To provide the best customer support at any phase in your customer’s lifecycle, your teams need access to contact and company data—and every team must have access to the same information. This requires a centralized location for all relevant communications and open support tickets, and the ability to streamline information between sales, marketing, and support teams. At tech scale-ups, streamlining customer data requires organizing information from a customer support ticketing system (like Zendesk) and marketing and sales tools (like HubSpot).
So, how can integrations between your support platform and tools like your CRM improve the customer experience? When data is integrated into all the tools your customer-facing teams use, you can employ contact management, automation, and advanced analytics to ensure a delightful customer experience and eliminate silos between teams.

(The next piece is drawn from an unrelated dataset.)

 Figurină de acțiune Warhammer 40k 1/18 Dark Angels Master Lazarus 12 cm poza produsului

This is critical as your tech scale-up grows—specifically, if you are EMEA-based or have clients in EMEA—and you run into security concerns (like GDPR compliance), more complex opt-in and communication management, and higher expectations from your audience for a personalized experience.

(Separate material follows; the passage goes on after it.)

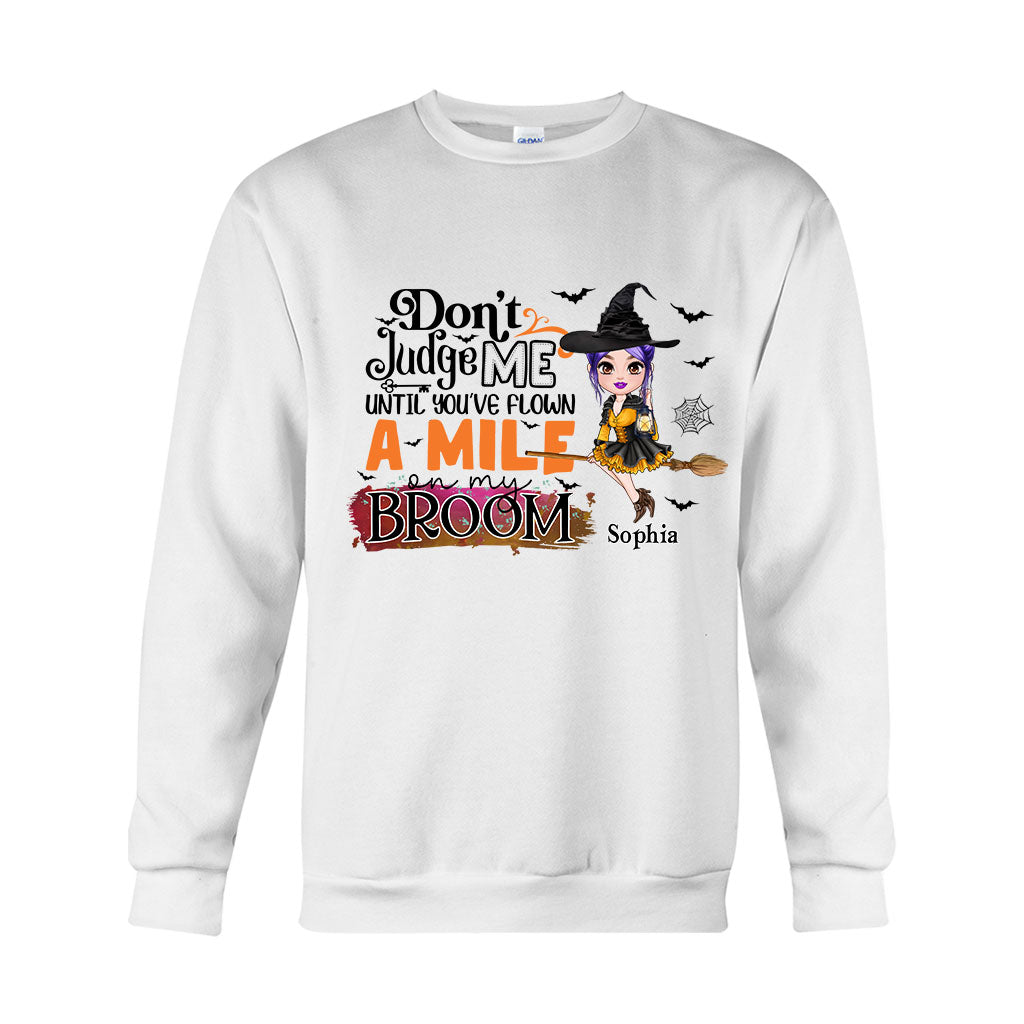 Don't Judge Me - Personalized Witch T-shirt And Hoodie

Benefits of centralized and connected data
When customer data lives in multiple places, it only makes it more difficult and frustrating for your support team to assist customers. Even answering a simple question can lead them down a rabbit hole of raw data, leading to inconsistencies that are sure to annoy customers.
In our digital age, consumers expect excellent experiences and fast delivery from the brands they do business with. When your customer data is centralized, your teams can stay in sync and ensure they are all delivering the same messages and have the same understanding of the situation. This saves customers from having to repeat their stories over and over again.

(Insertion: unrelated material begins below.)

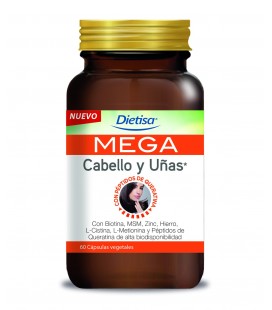 Dietisa MEGA Cabello y Uñas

Once you combine your customer support data with sales and marketing data using tools like the Zendesk and HubSpot integration, you can uncover new audience segments, improve customer interactions, and facilitate team collaboration.
Whether they work in marketing, sales, or support, every single person on your team will be able to get a 360-degree customer view in one convenient location, giving them a complete picture of the customer’s journey with your company and projections about where they’re headed. Your team can see previous conversations, open tickets, or details about the customer’s unique situation, which enables them to provide a personalized experience and quick solutions while avoiding missteps.
“Our team relies on HubSpot as the source of truth for all prospect and customer-centric data,” says Callie Mulvihill, director of revenue operations at Tovuti LMS. “Using DataSync with Zendesk, we ensure we have the most up-to-date information, protect our agents’ time by giving them context all in one place, and gather segment-specific insights from HubSpot.”
Challenges of keeping a software stack in sync
Your business likely uses multiple cloud-based apps to manage a tremendous amount of data. Growing startups tend to rely on numerous software platforms that have the power to scale as they scale, and each one provides a ton of customer and prospect data. After all, internet users generate roughly 2.5 quintillion bytes of data every day. That number is only expected to rise as the demand for remote work, learning, and entertainment continues.
One of the most important apps in your stack is your CRM. Are you still working with spreadsheets? You’ll eventually outgrow the ability to keep up and access data—plus, the sooner you adopt a CRM, the sooner you can start to share information between teams. Use a CRM to track prospects, convert them into clients, and provide support to those customers regularly. However, for this process to work efficiently, data must be consistent across your tech stack, which is no easy feat considering how many data points your team tracks.
Here are a few common challenges when it comes to syncing a software stack:
1. Manually importing and exporting data is inefficient and inaccurate
If your sales, marketing, and support systems don’t speak to one another, you need to update each team individually on customer changes, like product upgrades and technical difficulties. Manually keeping up with customers might work when you first start your business, but once you begin to grow, your ability to track every single touchpoint becomes impossible. Plus, ensuring that you meet GDPR compliance and maintain data security isn’t a job for individual sales representatives or marketers.
2. Apps without integration solutions create manual work
If your business collects data through various apps (such as your CRM, lead gen tools, billing solutions, etc.) that don’t offer integration solutions, your teams might be recreating the wheel when it comes to maintaining data.
For example, if each app is managed by a different department, every team likely has its own process for inputting, updating, and tracking data. They may be adding data that already exists in another application, but they don’t know about it because it’s siloed: isolated from the rest of the organization. It’s also possible that individual teams enter data in different formats, leading to inconsistencies across customer interactions and communications.
3. Apps with limited integration solutions can cut off access to important data
Think about the number of customer data points your team collects. Now, consider the time and resources needed to import and export that data from one app to the next. Many businesses that choose to use integration solutions discover too late in the game that there are limitations.
A common issue is that the integration doesn’t sync historical data. This means all the data that was entered before the integration must be manually pushed to the next platform. To truly sync two databases, you need a solution that offers two-way integration.